The printing presses are amazing, you can print your own souvenir here and try out the press…

There is also a milliner’s shop where she was sewing this ruffled trim with her New Home treadle machine…

a doctor’s office, attorney’s office, Post Office, bank, one-room school, livery stable, general store (where you can actually but reproduction fabric!), a carpentry/undertaker’s shop, and the homes and barns. Oh the homes. The Tangen Farm House is my favorite…

Isn’t it gorgeous? There were reproduction quilts (exact replicas of some of the vintage quilts in the collection) displayed all over the houses. I love this pomegranate applique quilt…

Way too many photos to share, and this post is already getting too long…so I will share some of the shots from inside the church of the thirty vintage quilts they displayed this year. This lovely Marie Webster original…STUNNING…

A crazy quilt with very unique appliques, embroidery motifs, and fabric combinations…this one will have it’s own post one day soon…

LHF sells some of their quilt patterns, meaning patterns they developed from quilts in there collection.

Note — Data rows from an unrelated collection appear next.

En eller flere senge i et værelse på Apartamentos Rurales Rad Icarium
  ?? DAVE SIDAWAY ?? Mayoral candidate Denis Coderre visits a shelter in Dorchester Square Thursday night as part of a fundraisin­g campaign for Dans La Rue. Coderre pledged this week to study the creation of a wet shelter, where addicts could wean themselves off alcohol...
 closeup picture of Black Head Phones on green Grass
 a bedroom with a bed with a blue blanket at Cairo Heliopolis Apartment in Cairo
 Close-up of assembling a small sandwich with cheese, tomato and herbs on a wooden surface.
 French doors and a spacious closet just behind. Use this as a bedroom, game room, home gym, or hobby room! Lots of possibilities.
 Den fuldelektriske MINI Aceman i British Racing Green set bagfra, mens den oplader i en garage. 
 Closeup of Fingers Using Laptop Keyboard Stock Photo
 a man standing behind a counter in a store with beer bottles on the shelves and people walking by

I bought the pattern for this windblown flowers quilt on the left.

The quilt on the right side of that photo was made by Lydia Wood, the maiden aunt of Grant Wood. The name of Grant’s sister, Nan Wood is printed in the bottom right corner with the date it was given to her by her aunt, Lydia.

This green and red quilt has never been laundered…not ever in it’s more than 150 year life. Probably never used, either. How do they know? Because the green dye is vibrant and bold, and green dyes from that time period faded immediately upon washing.

This was a fun charm quilt…

with just one special, fussy cut hexagon…makes you wonder, doesn’t it? Why just one? Why on the left side, not at the center?

and a lovely Grandmother’s Flower Garden quilt, with the printed feed sack visible on the backside…

I am so enjoying my quilt tour of Des Moines…and looking forward to next October already!

It’s FINALLY Here!

It’s here! It’s here! AQS Week in Des Moines! A mere 3.0 (THREE!) miles from my home! There was a really nice write up in the local newspaper yesterday, and there are area quilt shows around town by all sorts of groups and organizations: our State Historical Museum, our Botanical Center, Living History Farms, our Heritage Gallery in one of the government buildings, and this event, in Historic Valley Junction, the original downtown of what is now West Des Moines, Iowa: I work at one of the two quilt shops in Valley Junction, and am very excited about this event they organized!

If you are not coming to Des Moines this week, you really should be! But you can come next year, we have it scheduled here for the next three years! Sadly, I will be out of town the first two days of the show, for my day job, but I will be taking in as many sights and sounds as I can Friday and Saturday!

Come see us in Des Moines–GREAT things are happening!